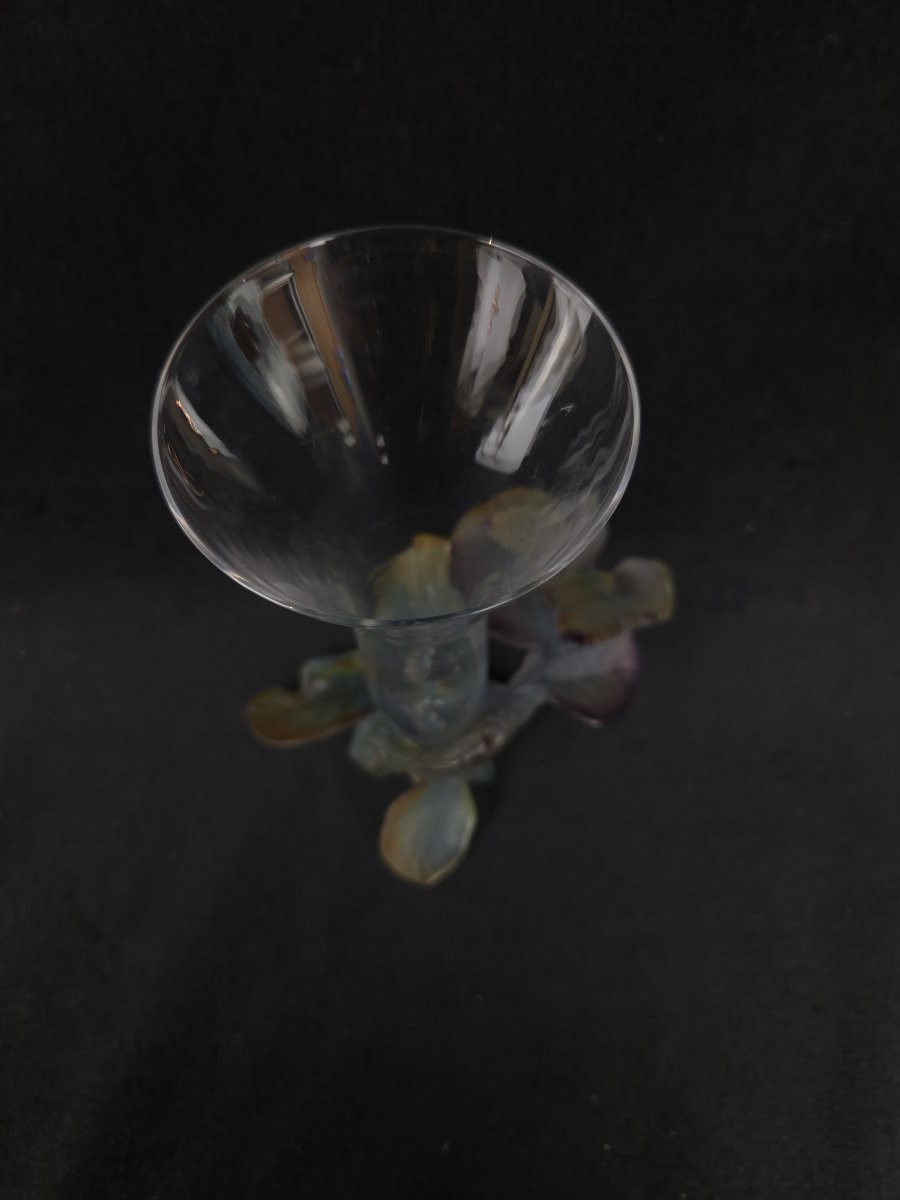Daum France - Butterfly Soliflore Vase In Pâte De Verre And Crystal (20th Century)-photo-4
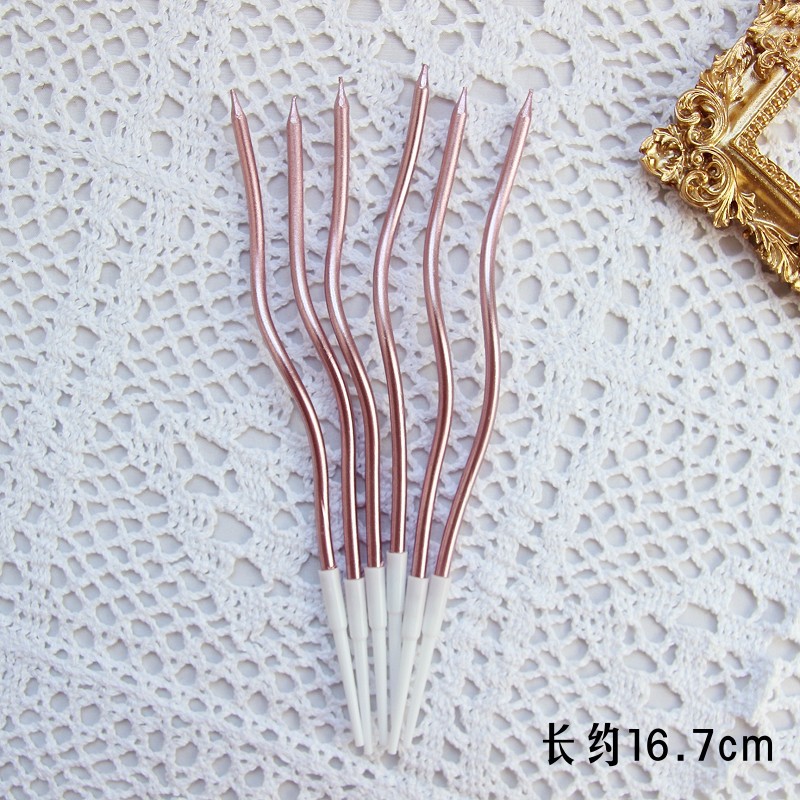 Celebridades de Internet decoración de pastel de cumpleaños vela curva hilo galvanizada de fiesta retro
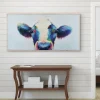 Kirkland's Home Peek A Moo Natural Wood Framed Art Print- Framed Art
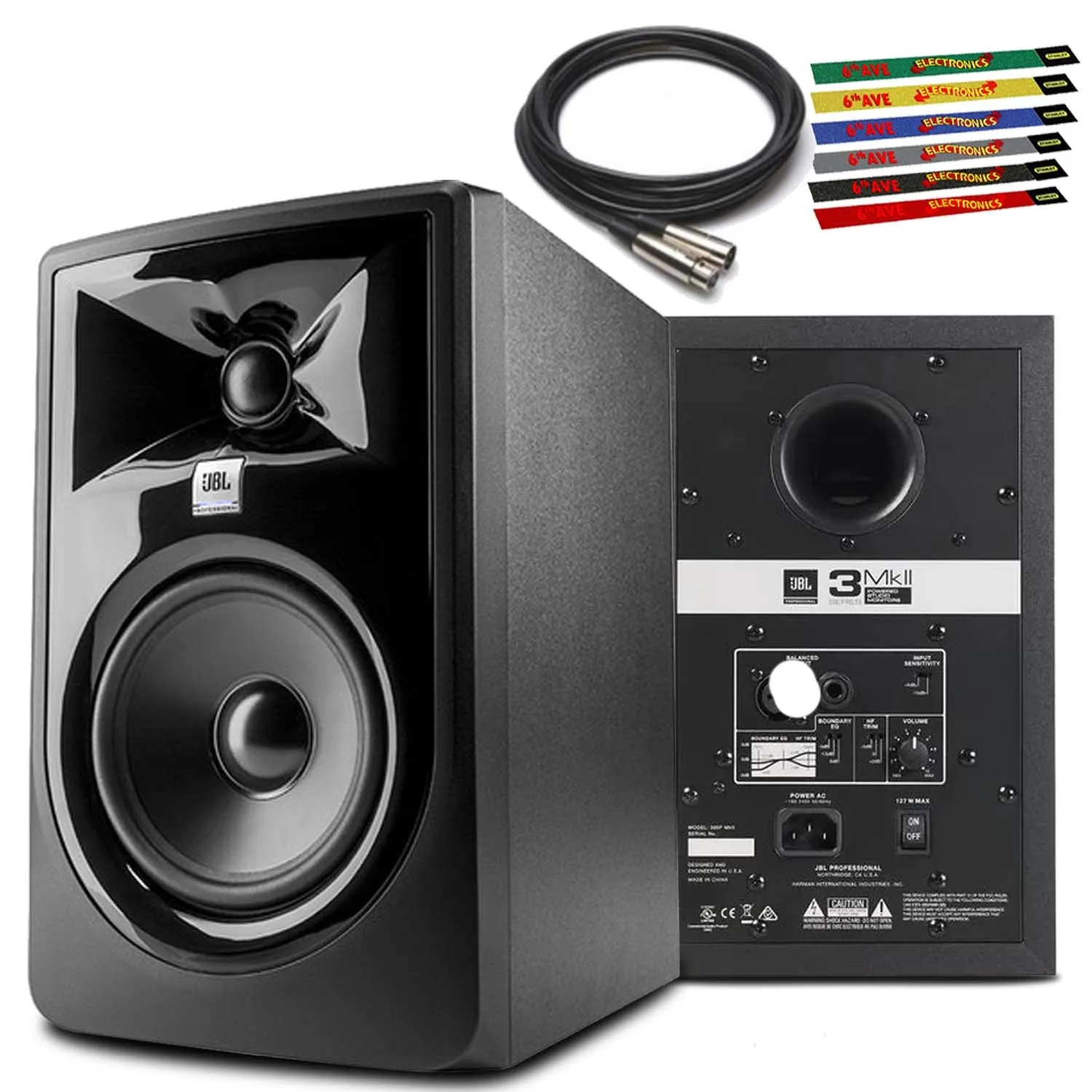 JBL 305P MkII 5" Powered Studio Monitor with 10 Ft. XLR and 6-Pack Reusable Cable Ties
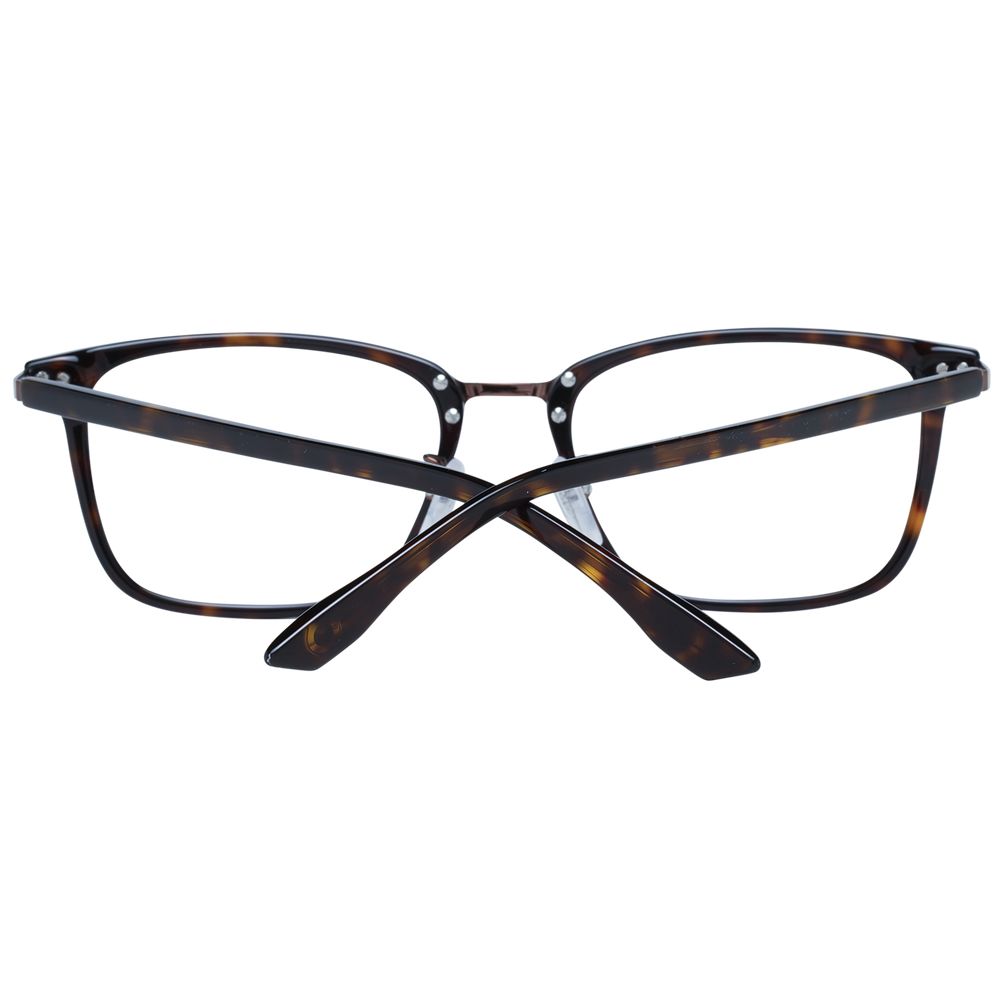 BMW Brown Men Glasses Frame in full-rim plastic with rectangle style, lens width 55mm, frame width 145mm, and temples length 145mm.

■ **What the exercise asks**:
In the answer, set down only the lines from the opening line of the listing through the line that holds "JBL 305P MkII", exactly as they appear, minus the pictures.

■ **Task answer**:
Daum France - Butterfly Soliflore Vase In Pâte De Verre And Crystal (20th Century)-photo-4
 Celebridades de Internet decoración de pastel de cumpleaños vela curva hilo galvanizada de fiesta retro
 Kirkland's Home Peek A Moo Natural Wood Framed Art Print- Framed Art
 JBL 305P MkII 5" Powered Studio Monitor with 10 Ft. XLR and 6-Pack Reusable Cable Ties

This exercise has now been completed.